[OS X TeX] Macintouch report on TeX versus Word

David B. Thompson, Ph.D., P.E., D.WRE, CFM drdbthompson at gmail.com
Thu Jan 22 09:11:19 EST 2009

On Jan 21, 2009, at 17:30 , Alain Schremmer wrote:

> Certainly not—and I, for one, am not into "beautiful typesetting".  
> But, what I am reacting to is the fact that, de facto, we deny that  
> LaTeX is anything less than "absolutely and totally perfect". Oh  
> yeah, there are a few bugs here and there but, hey, that's the way  
> it goes.

Like so much in life, there are many ways to float a boat. :) I know  
we've strayed off-topic, but the discussion is lively and interesting  
and I hope beneficial to those who think about such things. I know I'm  
learning some things.

I came to LaTeX after MS moved Word to Winder$. The last DOS version  
was not perfect, yet it produced documents that were relatively  
straightforward to get into something resembling reasonable shape. The  
mathematics formatting was aboriginal, but it worked reasonably well  
for the kinds of documents I was tasked to produce.

Then I had to write something with more mathematics in it. That was a  
challenge. I wasn't pleased with either the process or the result.
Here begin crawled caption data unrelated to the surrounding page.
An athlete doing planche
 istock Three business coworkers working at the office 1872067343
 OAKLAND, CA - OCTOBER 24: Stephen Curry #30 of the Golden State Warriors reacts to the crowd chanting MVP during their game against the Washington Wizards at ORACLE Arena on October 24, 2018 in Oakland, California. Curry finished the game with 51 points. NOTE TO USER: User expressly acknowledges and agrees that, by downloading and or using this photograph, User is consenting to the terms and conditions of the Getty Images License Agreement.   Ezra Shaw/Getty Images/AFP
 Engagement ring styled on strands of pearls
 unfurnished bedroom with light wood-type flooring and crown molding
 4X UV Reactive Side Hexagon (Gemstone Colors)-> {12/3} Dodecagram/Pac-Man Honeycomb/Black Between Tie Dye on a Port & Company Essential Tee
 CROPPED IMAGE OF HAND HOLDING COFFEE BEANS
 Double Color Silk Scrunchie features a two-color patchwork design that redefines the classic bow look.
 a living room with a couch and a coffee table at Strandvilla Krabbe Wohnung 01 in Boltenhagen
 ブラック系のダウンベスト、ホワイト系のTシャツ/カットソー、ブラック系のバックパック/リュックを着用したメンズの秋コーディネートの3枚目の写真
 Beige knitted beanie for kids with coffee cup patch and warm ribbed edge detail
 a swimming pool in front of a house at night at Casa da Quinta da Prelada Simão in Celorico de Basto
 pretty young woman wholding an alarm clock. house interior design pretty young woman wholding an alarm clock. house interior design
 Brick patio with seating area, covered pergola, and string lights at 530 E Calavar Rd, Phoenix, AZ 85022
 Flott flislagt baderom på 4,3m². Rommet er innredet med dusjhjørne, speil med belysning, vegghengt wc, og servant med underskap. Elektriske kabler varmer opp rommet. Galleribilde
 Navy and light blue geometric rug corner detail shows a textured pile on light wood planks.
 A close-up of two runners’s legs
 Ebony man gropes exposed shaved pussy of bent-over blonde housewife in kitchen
A  
friend and colleague shared his work with LaTeX, and I began working  
my way up the learning curve. That would have been about 1990.

Alain, you are correct--it is a steep curve. But I'm persistent and  
the challenge interested me. Finally, I arrived at a point where I  
could solve most of the problems I had with minor formatting issue and  
had results that were high quality. I'm not expecting perfection and  
I'm not a professional typesetter.

I now have enough knowledge to handle most of my text-processing  
problems. For things I don't know, there is this list and my reference  
library. I reuse templates created in the process of developing the  
suite of documents I commonly work with.

> When, a few years ago, I deplored that LaTeX was so difficult to  
> install and to learn for people like me, I was told that "LaTeX is  
> not for the faint of heart." and the discussion was closed.

That was a trite answer and you're right to be a bit put off. I told a  
number of people that the tools are not trivial but the investment is  
worthwhile... if you want to achieve a degree of results superior to  
commonly-used word processors...or...if you need much mathematics (or  
similar technical output).

There is also the literate programming paradigm but that is truly off- 
topic and I won't go there except to mention it in passing.

> So now it seems that the installation issue has been pretty much  
> taken care of. But what about the rest?

The fact is that this doesn't matter much to me, personally. I can  
carry my own water (mostly) with the tools at hand and should be able  
to finish out my career regardless of whether new tools evolve to hide  
the underlying mark-up required to use LaTeX. But you also have a  
valid point--if LaTeX (and TeX) are to survive this old dinosaur, then  
more development is required for one or more meta-tools that hide the  
details behind a (semi-) WYSIWYG shell. I haven't used LyX in forever,  
so I have no idea how it's faring these days. But something like it is  
required for the word-processing crowd. Otherwise, I think LaTeX runs  
the risk of fading away as those of us happy with text editors and  
command shells die off.

My that was a lot of words for a simple response. I can go on  
sometimes... back to my rock...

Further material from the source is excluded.